_WHAT TO WORK ON_:
All of the lines below need to be copied exactly, apart from the pictures.

_GIVEN DATA_:

* * *

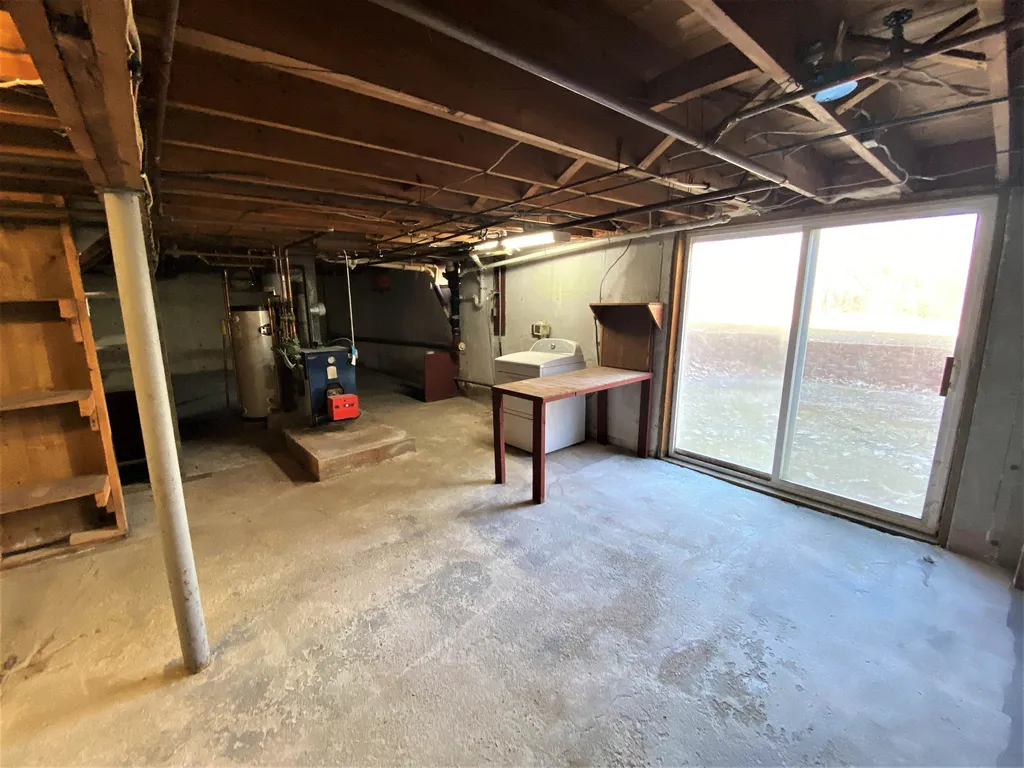 37 Ten Rod Road Rochester NH 03867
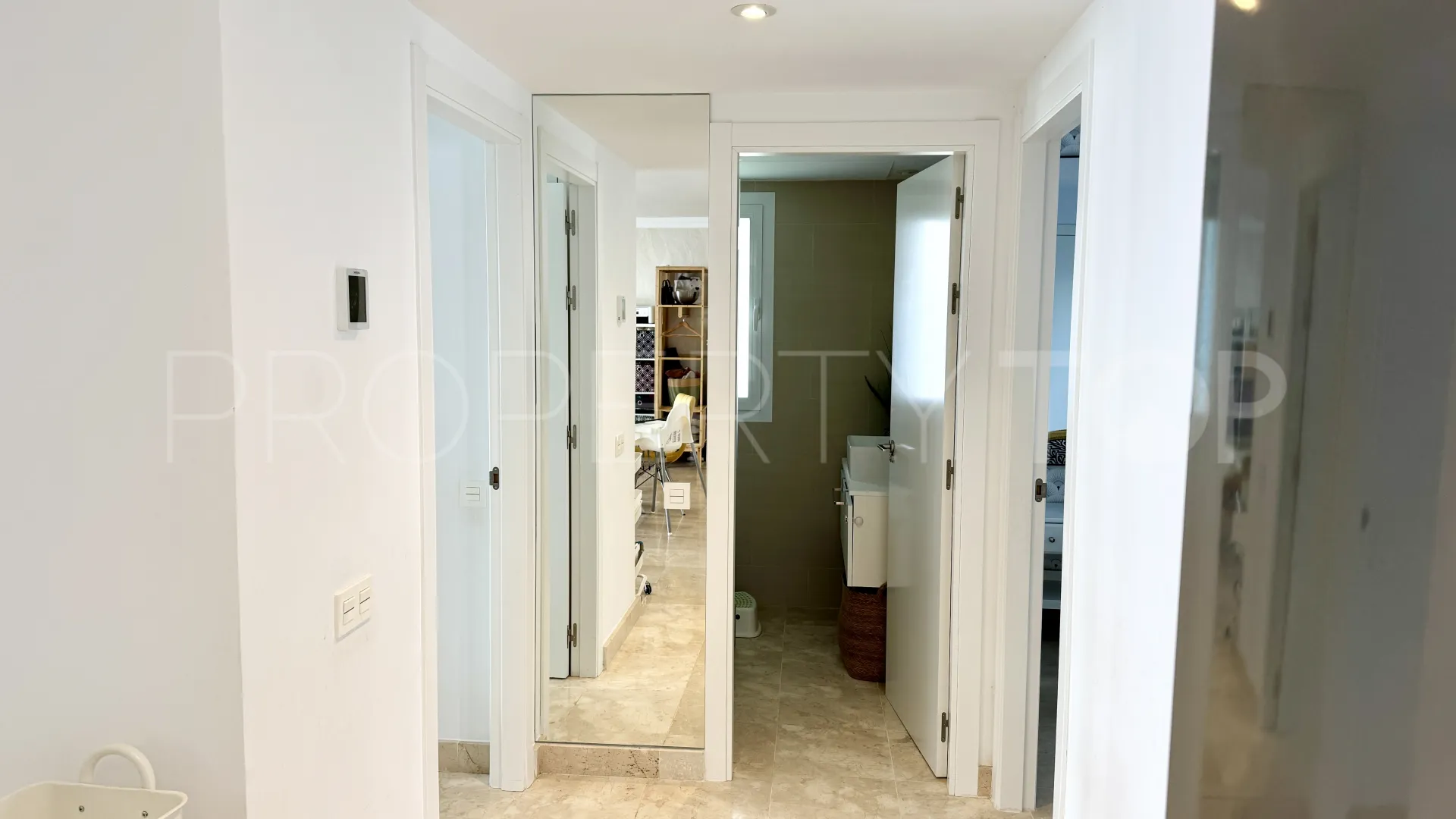 Apartamento planta baja en venta en Benahavis con 3 dormitorios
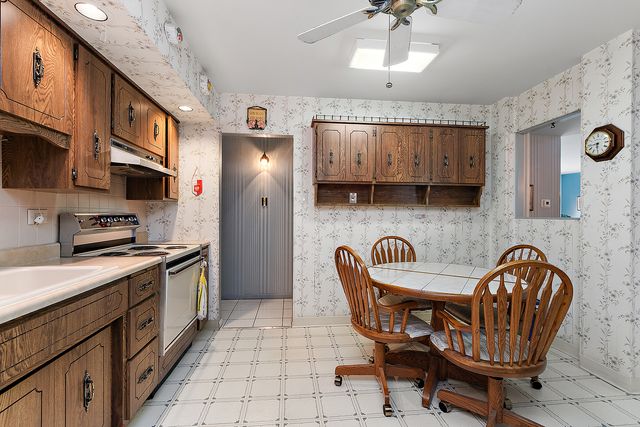 700 N Bruce Lane 108, Glenwood, IL 60425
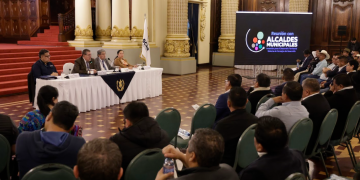 Presidente se reúne con alcaldes del país. / Foto: Dickéns Zamora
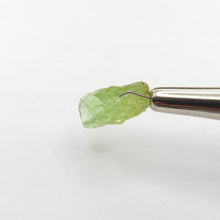 Load image into Gallery viewer, R704 Peridot facet rough 7.1cts
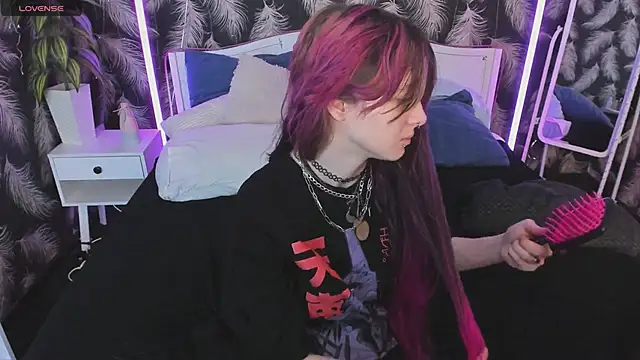 Ashley Veil online show from May 23, 2026, 8:46 pm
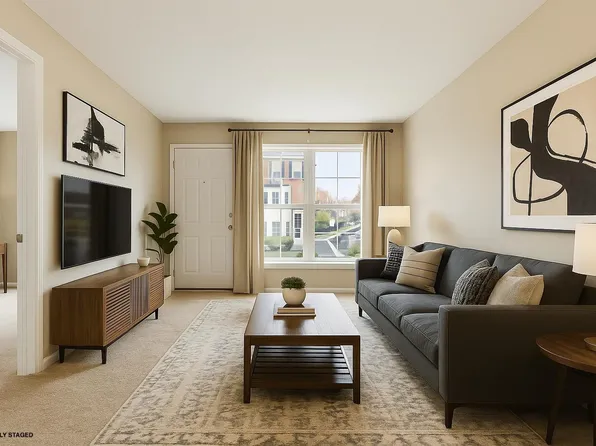 1295 Hibiscus Ct, Mahwah, NJ 07430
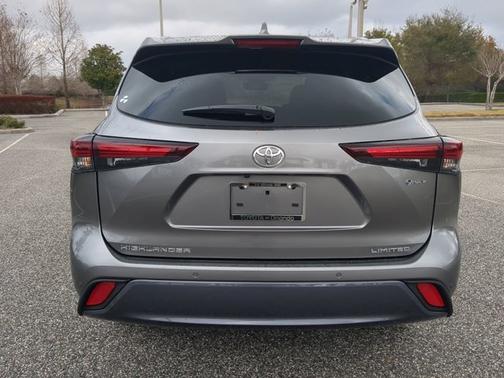 2026 Toyota Highlander Hybrid Limited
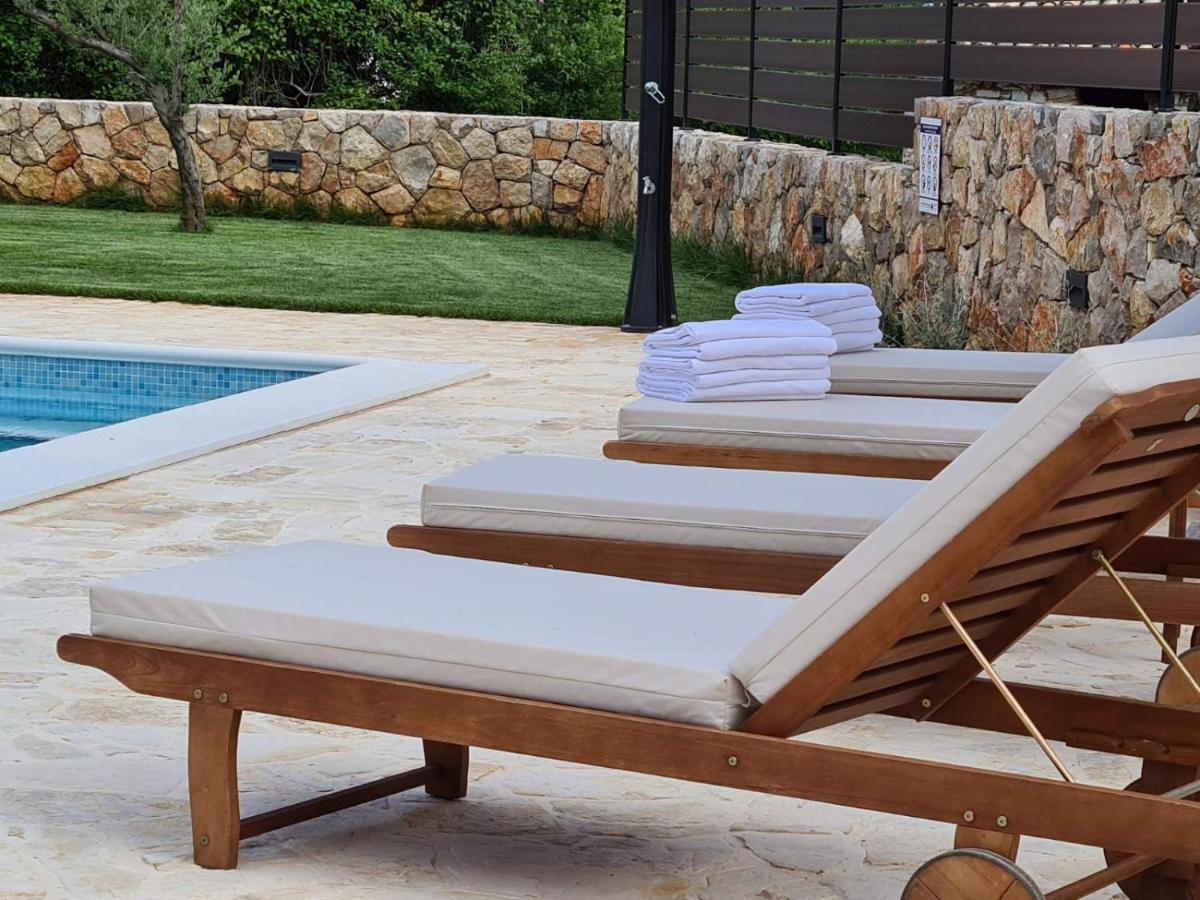 Villa Lulu Kamena Villa S Maslinikom Otok Krk Dobrinj Selo Gostinjac Krk Town Extérieur photo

* * *

_ANSWER FOR THIS EXERCISE_:
 37 Ten Rod Road Rochester NH 03867
 Apartamento planta baja en venta en Benahavis con 3 dormitorios
 700 N Bruce Lane 108, Glenwood, IL 60425
 Presidente se reúne con alcaldes del país. / Foto: Dickéns Zamora
 Load image into Gallery viewer, R704 Peridot facet rough 7.1cts
 Ashley Veil online show from May 23, 2026, 8:46 pm
 1295 Hibiscus Ct, Mahwah, NJ 07430
 2026 Toyota Highlander Hybrid Limited
 Villa Lulu Kamena Villa S Maslinikom Otok Krk Dobrinj Selo Gostinjac Krk Town Extérieur photo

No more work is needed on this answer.